In a traffic accident, how can I help prove to an insurance company that the other driver was at fault?
One place to look for support for your argument that the other driver was at fault is in the laws that govern driving in your state -- usually called the Vehicle Code. A simplified version of these laws, sometimes called "The Rules of the Road," is often available at your local department of motor vehicles office. The complete Vehicle Code is also available at many local department of motor vehicles offices, most public libraries and all law libraries; there is a law library at or near every courthouse and at all law schools.
In the index at the end of the last volume of the Vehicle Code are references to many rules of the road, one or more of which might apply to your accident. A librarian may be willing to help you with your search, so don't be afraid to ask. If you believe a rule might apply to your accident, copy not only its exact wording but also the Vehicle Code section number so that you can refer to it when you negotiate a settlement of your claim.
If someone hits you from behind, the accident is virtually always that driver's fault, regardless of the reason you stopped. A basic rule of the road requires that a driver be able to stop safely if a vehicle stops ahead of the driver. If the driver cannot stop, he is not driving as safely as the person in front of him.

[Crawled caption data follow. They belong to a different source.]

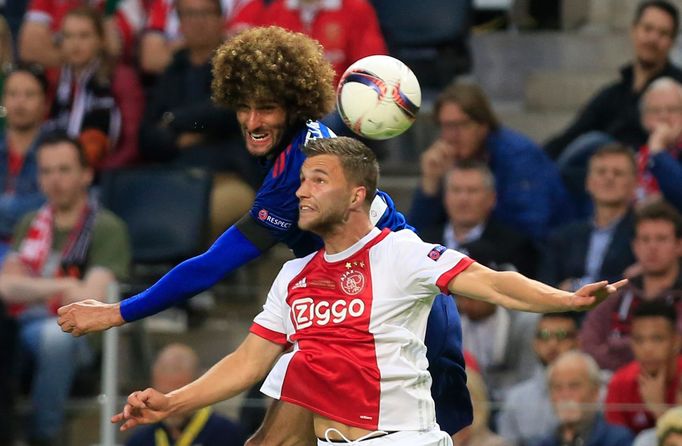 Marouane Fellaini a Joel Veltman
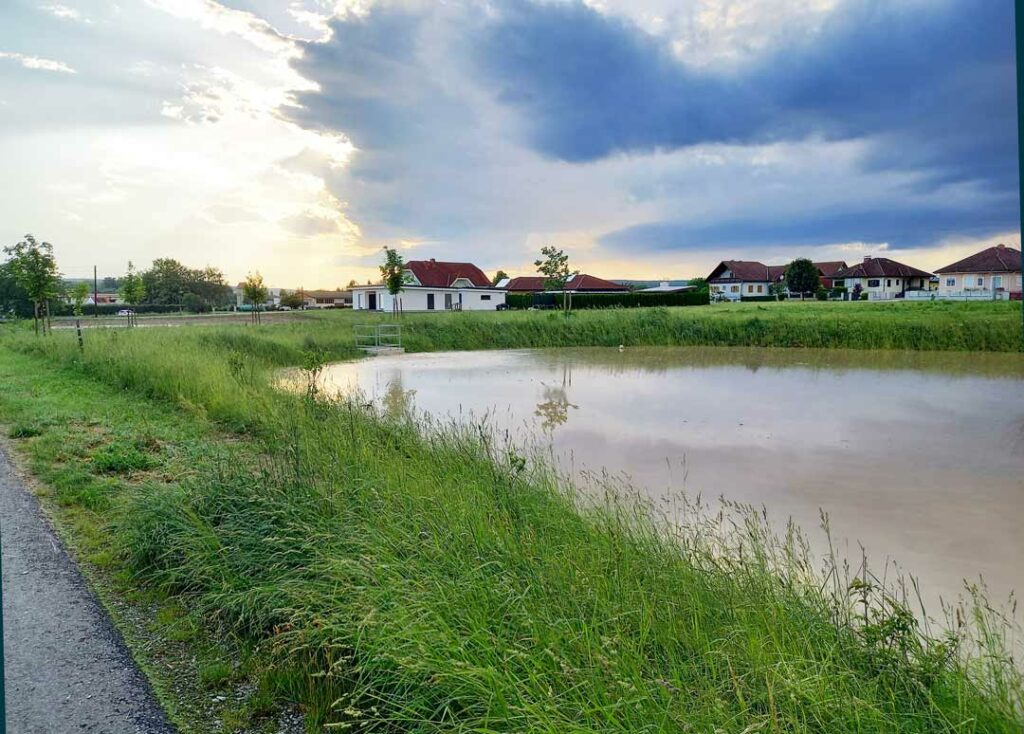 Rückhaltebecken bei Hochwasser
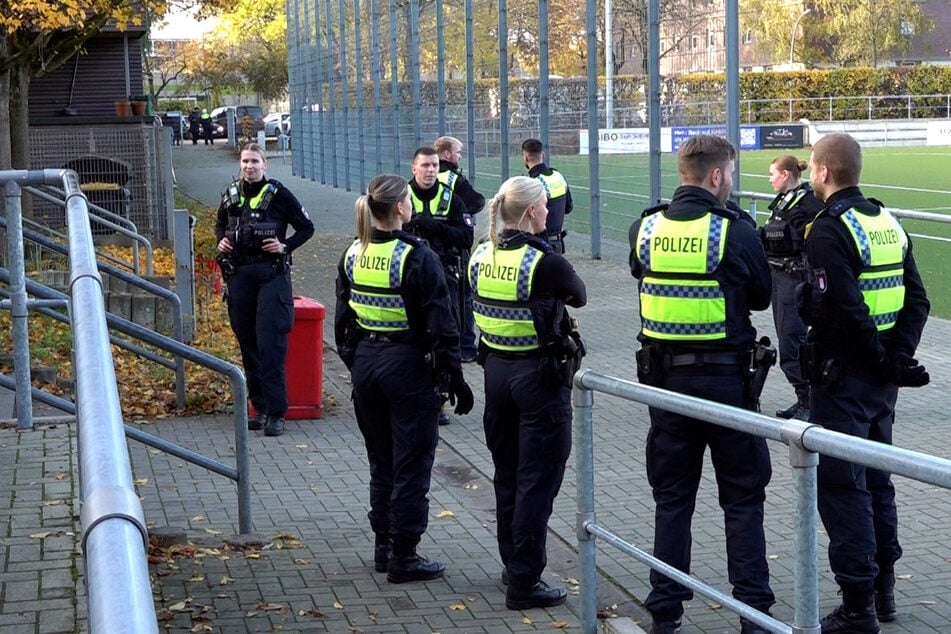 Die Polizei rückte nach einer Schlägerei mit zahlreichen Kräften zu einem Amateurspiel in Hamburg aus.
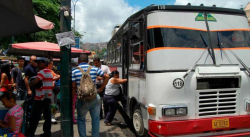 Establecen precio del pasaje urbano en Bs.S 70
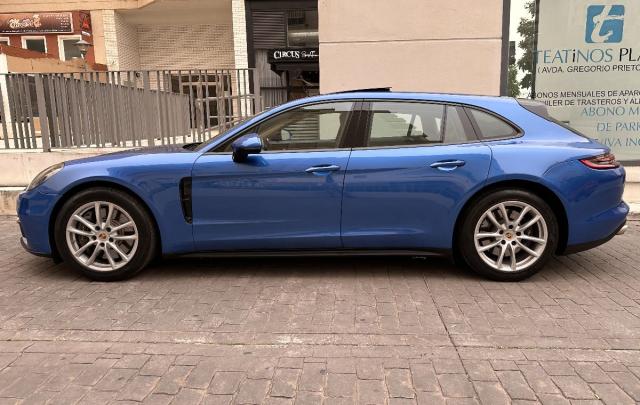 PORSCHE – Panamera 4 Sport Turismo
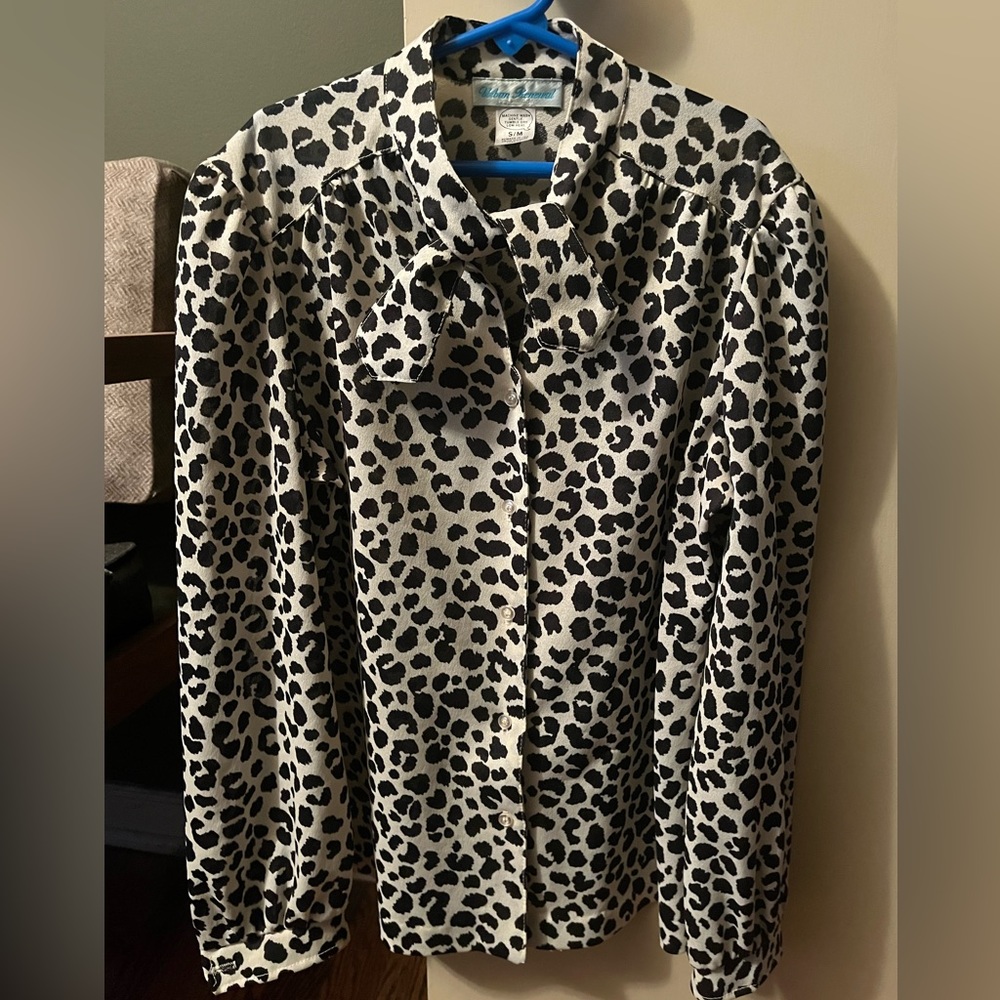 Urban renewal from urban outfitters blouse…size s/m fits more like >>>XS/small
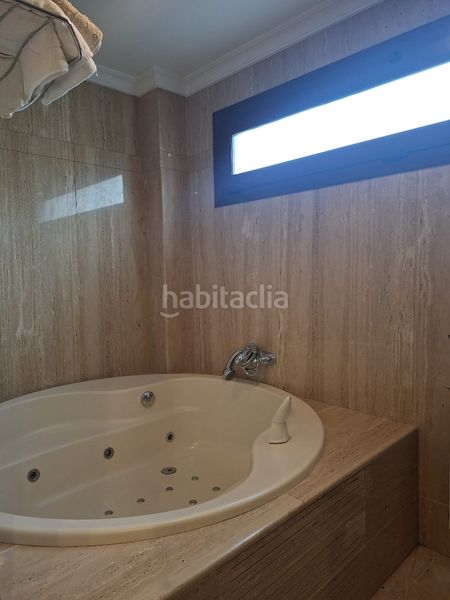 Foto 58119d75-9a5c-41dc-b417-7dbc1f95e20f. Casa aparellada amb xemeneia calefacció aparcament piscina a Granada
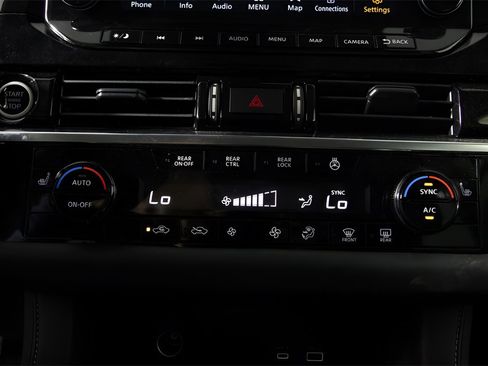 Used 2024 Nissan Pathfinder SL image 26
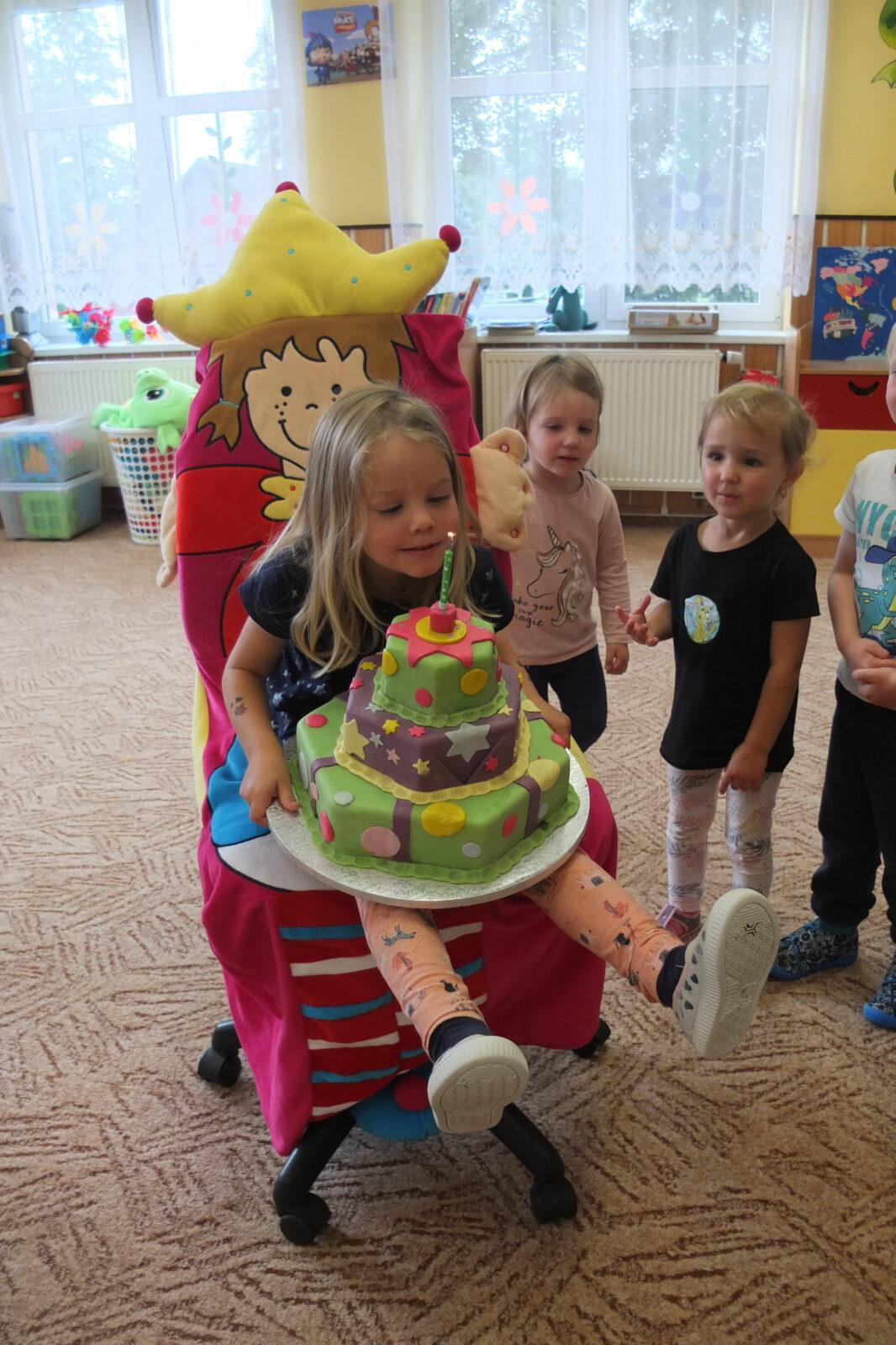 Simonka má narozeniny - 3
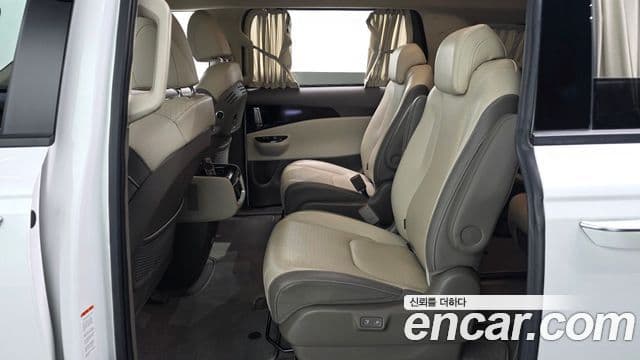 Kia Carnival 4세대 Signature, 2023 12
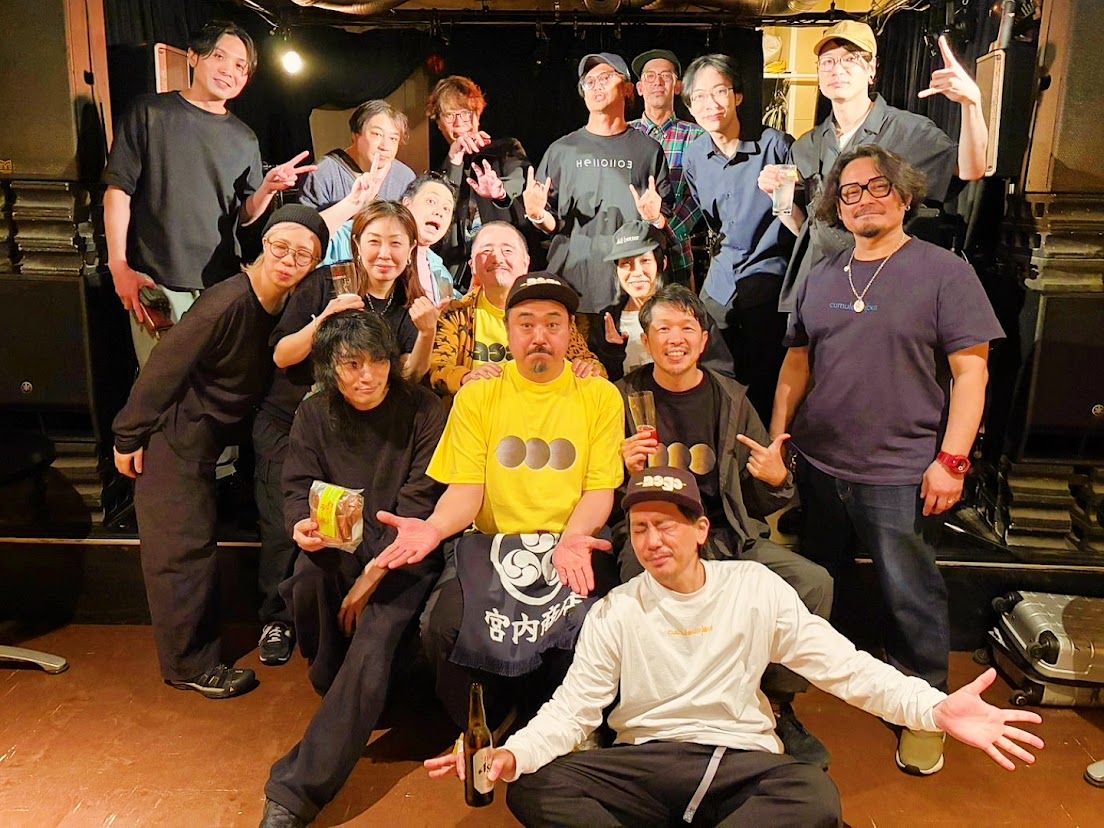 昨日は、Hello11D3。
渋谷HOME初出演楽し過ぎた！

最近はタイバンに嫉妬することは無く。
良い音を聴くとただパワーを貰う！
birds melt sky、ニューグリフィンズ、nego、Humanized、一寸先闇バンド、valows
頭から最後まで良い音だらけのステキな夜！
おかげで、深酒したのに今日はすこぶる元気だ！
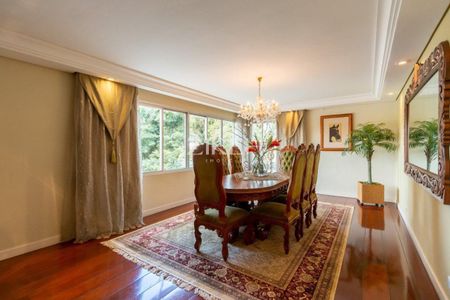 5_photo/94dce4792d.a060418db5d664f2-ATLAS-a8169dd4-9a70-4585-98a6-68f66ec2b02f.jpg de apartamento à venda com 5 quartos, 415m² em Água Verde, Curitiba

The other surefire part of rear-end accident claims is that the vehicle damage proves how the accident happened. If the other car's front end and your car's rear end are both damaged, there can be no doubt that you were struck from the rear.
In some situations, both you and the car behind you will be hit when a third car runs into the car behind you and pushes it into the rear of your car. In that case, it is the driver of the third car who is at fault and against whose liability insurance you would file a claim.
A car making a left turn is almost always liable to a car coming straight in the other direction. Exceptions to this near-automatic liability can occur if:
- the car going straight was going too fast (this is usually difficult to prove)
- the car going straight went through a red light, or
- the left-turn car began its turn when it was safe but something unexpected happened which made it have to slow down or stop its turn.
Whatever the contributing factors, the law says the car making the left turn must wait until it can safely complete the turn before moving in front of oncoming traffic. Also, the location of the damage on the cars sometimes makes it difficult for the other driver to argue that the accident happened in some way other than during a left turn. So, if you have had an accident in which you ran into someone who was making a left turn in front of you, almost all other considerations of fault go out the window and the other driver is nearly always liable.